Deep dive into Health Checks code

All the Health Checks share some boiler plate code. In this section we'll go through some of the Health Checks code and annotate with comments the functionality of each piece of code. Starting from gcm/health_checks/cli/health_checks.py.

@click.group() # <-- defines a new group of commands
@toml_config_option("health_checks", default_config_path=DEFAULT_CONFIG_PATH) # <-- common --config option to pass to health_checks command for defining parameters for the checks.
@click.version_option(__version__) # <-- version of the package. Invoked as: health_checks --version
def health_checks() -> None:
    """GPU Cluster Monitoring: Large-Scale AI Research Cluster Monitoring."""

This is the main group() that will include all of our commands. In click a group() can contain other @click.commands, and can also include another group() that has its own commands, creating a tree hierarchy of commands and subcommands.

All checks live in gcm/health_checks/checks/ folder. The gcm/health_checks/ folder also contains other helper files such as gcm/health_checks/click.py that defines our click related parameters and decorators.

Let's take the example of a single check to analyze. We'll analyze check_storage.py, and its disk_usage() command since it is also part of a subcommand group, but any check follows similar concepts.

Health-Check boiler plate code

In this code we see the following snippet:

@click.group() # <-- This defines a new group of commands that we add in health_checks. If a new group() is not needed one can directly create a new command to add to health checks as: @click.command() instead of @click.group()
def check_storage() -> None:
    """storage based checks. i.e. disk space, mounted folders"""

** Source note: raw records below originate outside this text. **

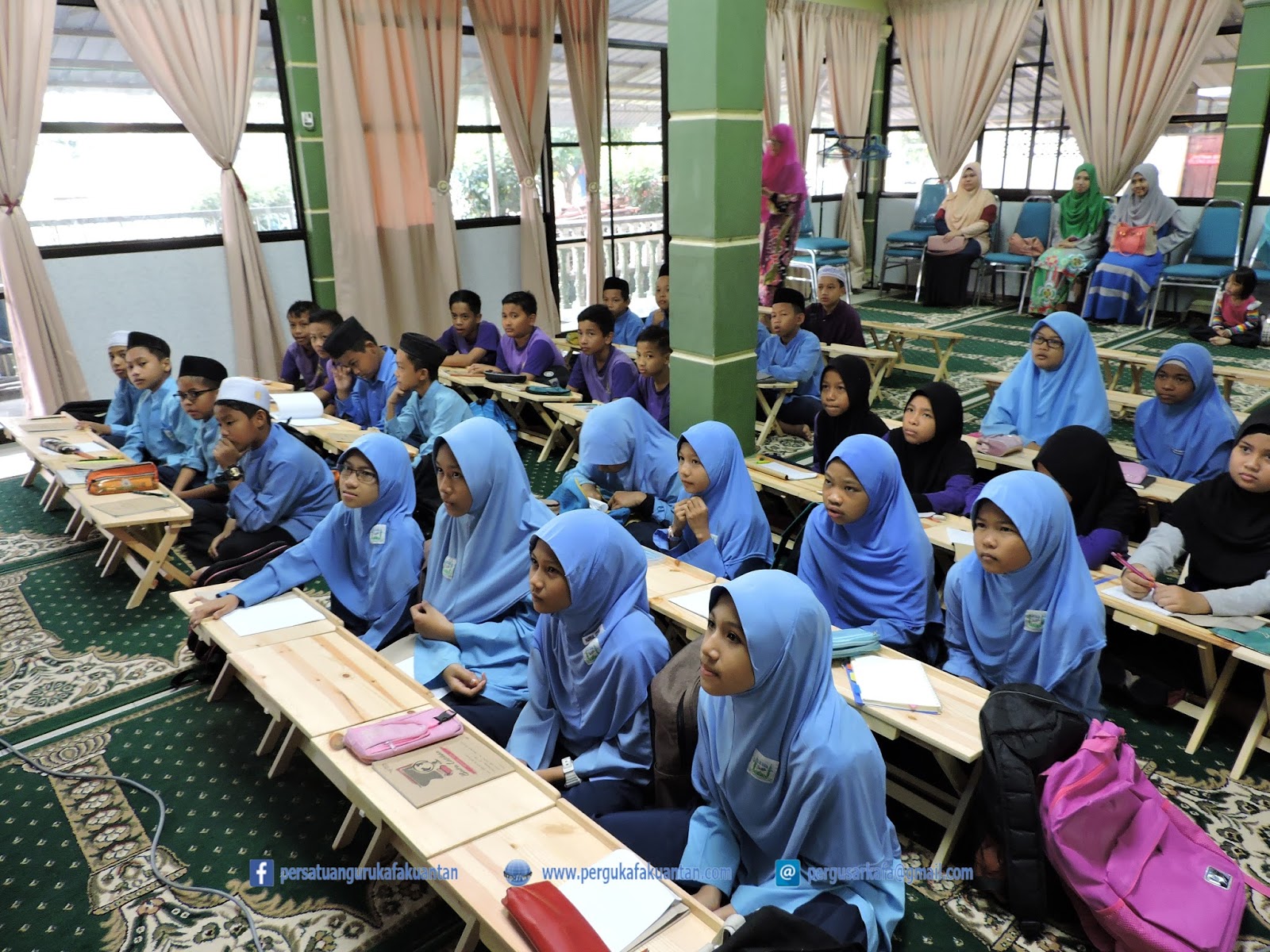 Gerak Gempur UPKK 2016 Gabungan 3 Buah Sekolah  Persatuan 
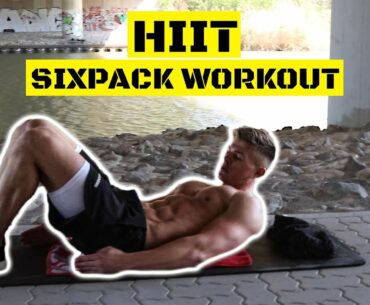 HIIT Sixpack Workout für Zuhause | Die besten Übungen!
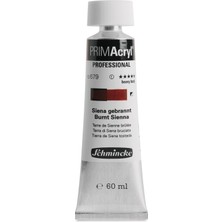 Schmincke : Primacryl Akrilik Boya : 60 ml : Burnt Sienna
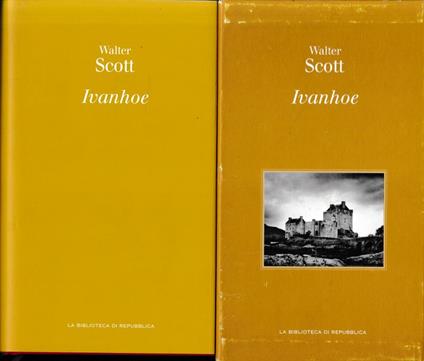 Ivanhoe - Walter Scott - copertina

Then later in the code we see the following code snippet for the check:

@check_storage.command() # <-- Says that this is a command of the check_storage group()
@common_arguments # <-- common arguments that we use in all checks
@timeout_argument # <-- another argument decorator if the check needs a timeout argument. This argument is used when the check calls a system command through the subprocess.py functions, so that it won't hang indefinitely.
@telemetry_argument # <-- Common argument that is used for the telemetry of the checks
@click.option( # <-- This is an example of a check specific argument
    "--volume",
    "-v",
    type=click.Path(file_okay=False, readable=False),
    help="Volumes to check for free space",
    multiple=True,
    required=True,
)
... # <-- Other check specific arguments can be defined here
@click.pass_obj # <-- Passes a context object to the check. This is used for object injection during unit testing.
@typechecked
def disk_usage(
    obj: Optional[StorageCheck], # <-- obj from @click.pass_obj
    cluster: str, # <-- parameter from @common_arguments
    type: CHECK_TYPE, # <-- parameter from @common_arguments
    log_level: LOG_LEVEL, # <-- parameter from @common_arguments
    log_folder: str, # <-- parameter from @common_arguments
    timeout: int, # <-- parameter from @timeout_argument
    sink: str, # <-- parameter from @telemetry_argument
    sink_opts: Collection[str], # <-- parameter from @telemetry_argument
    volume: Tuple[str, ...], # <-- check specific parameter
    ... # <-- Other check specific parameters can be included here. These should match the decorators of the method

) -> None:
    """Check the free space on the specified volumes"""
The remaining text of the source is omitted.